Take this kiss upon the brow!
And, in parting from you now,
Thus much let me avow-
You are not wrong, who deem
That my days have been a dream;
Yet if hope has flown away
In a night, or in a day,
In a vision, or in none,
Is it therefore the less gone?
All that we see or seem
Is but a dream within a dream.
I stand amid the roar
Of a surf-tormented shore,
And I hold within my hand
Grains of the golden sand-
How few! yet how they creep
Through my fingers to the deep,
While I weep- while I weep!
O God! can I not grasp
Them with a tighter clasp?
O God! can I not save
One from the pitiless wave?
Is all that we see or seem
But a dream within a dream?
Review and analysis of the poem by Okoro Amarachi
This is a poem written by By Edgar Allan Poe. It is a poem of two stanzas with twenty four line with rhymes scheme (aa, bb, cc, …) and rhythms. The poem focuses on the theme of dreams versus reality, as the speaker questions where life is just a dream. Other themes are isolation and frustration. The tone and language of the poet is simple and direct. The use of the sea as a symbol of both beauty and destruction adds to the poem's emotional impact. Although, the mood of the poem shifts. In the first stanza the mood in accepting, but in the second stanza, the mood is despairing.
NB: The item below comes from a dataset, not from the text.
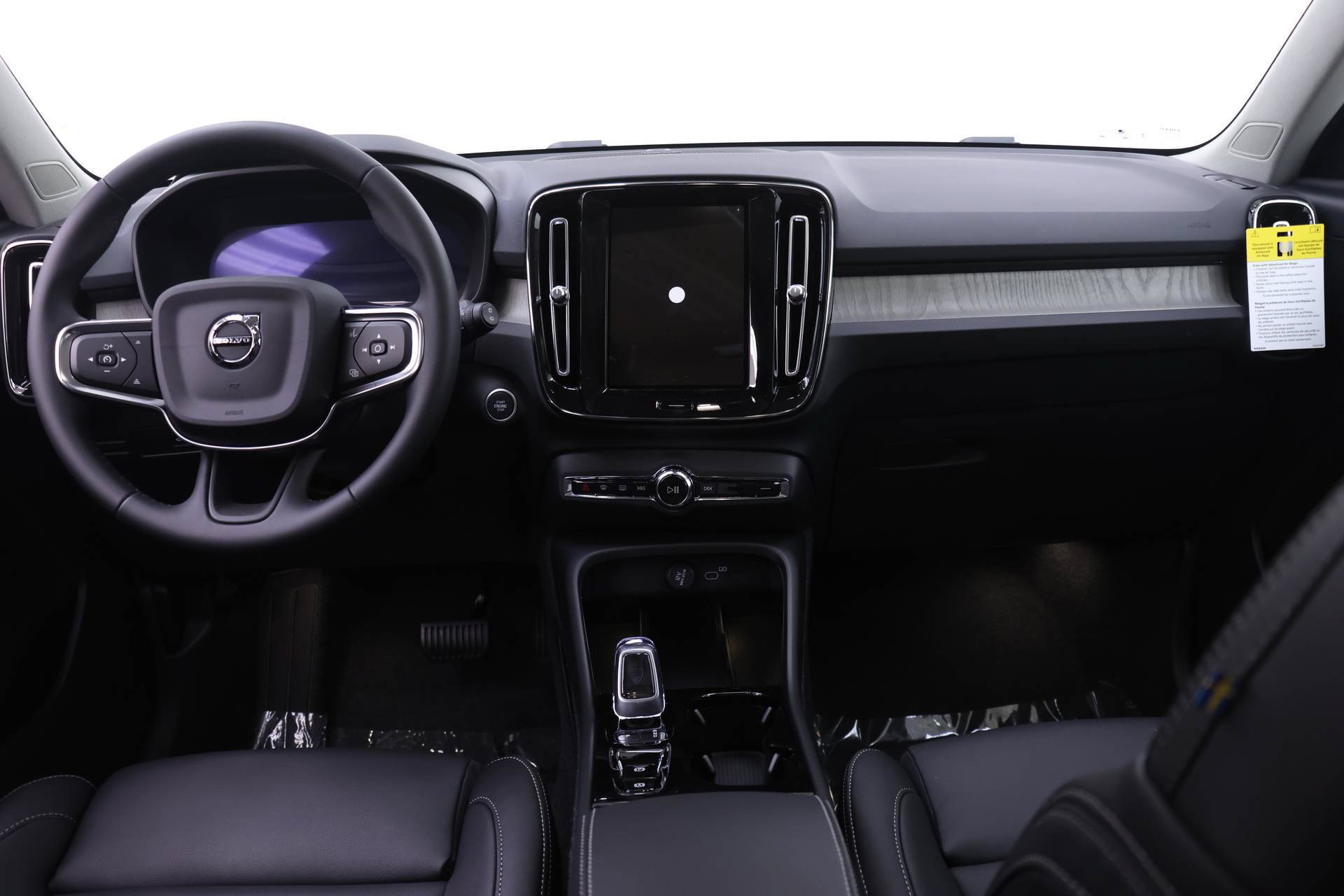 New 2026 Volvo XC40 B5 Ultra w/ Protection Package Premier AWD/4WD image 8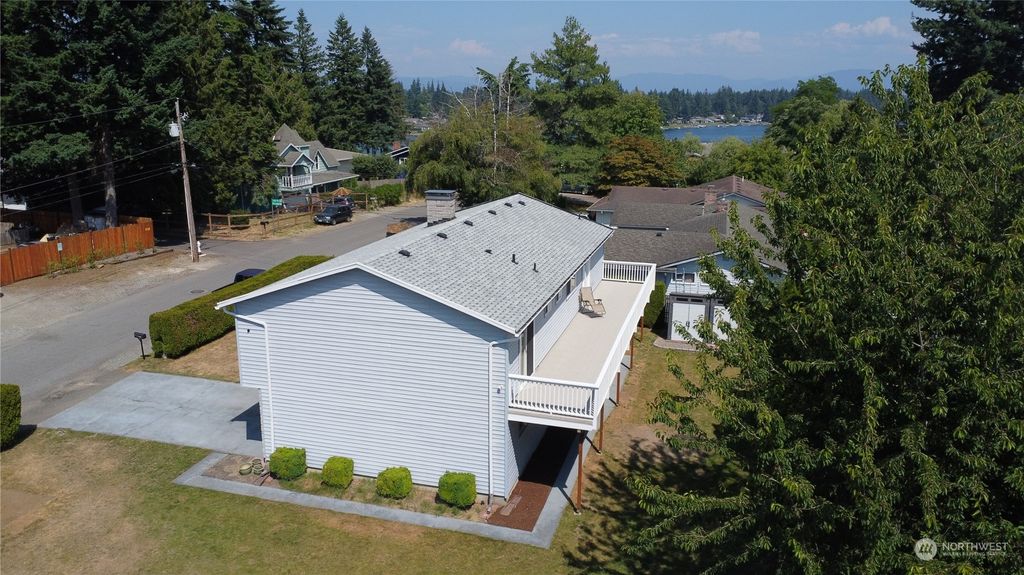 Photo of 13505 SE 266th Street, Kent, WA 98042 (MLS # 2135819)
The poem explores the idea that reality is an illusion. The poet/speaker asks if all life—everything that “we see”—is just a “dream within a dream.” In this sense, the poem may be questioning if it’s ever possible to know the objective “reality” of anything at all. And because the world is ultimately unknowable, the poem implies, people aren’t really in control of their own fates.
In the first stanza, the speaker acknowledges that people think he lives in a dream world but also suggests that everybody does. Our perceptions of reality are flawed and all of us have a tenuous grasp on reality. The speaker's tone, or attitude, is one of acceptance, acknowledging that he, but also everyone else, lives in dreams, but that dreams can keep one's hope alive.
The second stanza then finds the speaker suddenly alone. Standing on a beach, the speaker tries to confirm the reality of the world by grasping at the sand—yet this sand keeps slipping through the speaker’s fingers. The constantly shifting shoreline also seems to speak to the speaker’s lack of certainty and control. The speaker wants to find something solid to hold onto, but is faced only with relentless and ongoing change.
Finally, to intensify this sense of doubt and uncertainty, the poem restates its earlier claim—that life is just “a dream within a dream”—as a question. That is, even the speaker’s strongly held intuition about the unreliability of knowledge is uncertain too! All in all, then, this amounts to an argument that human life is built on the shakiest of foundations—and perhaps that the nature of reality is beyond the limit of human understanding.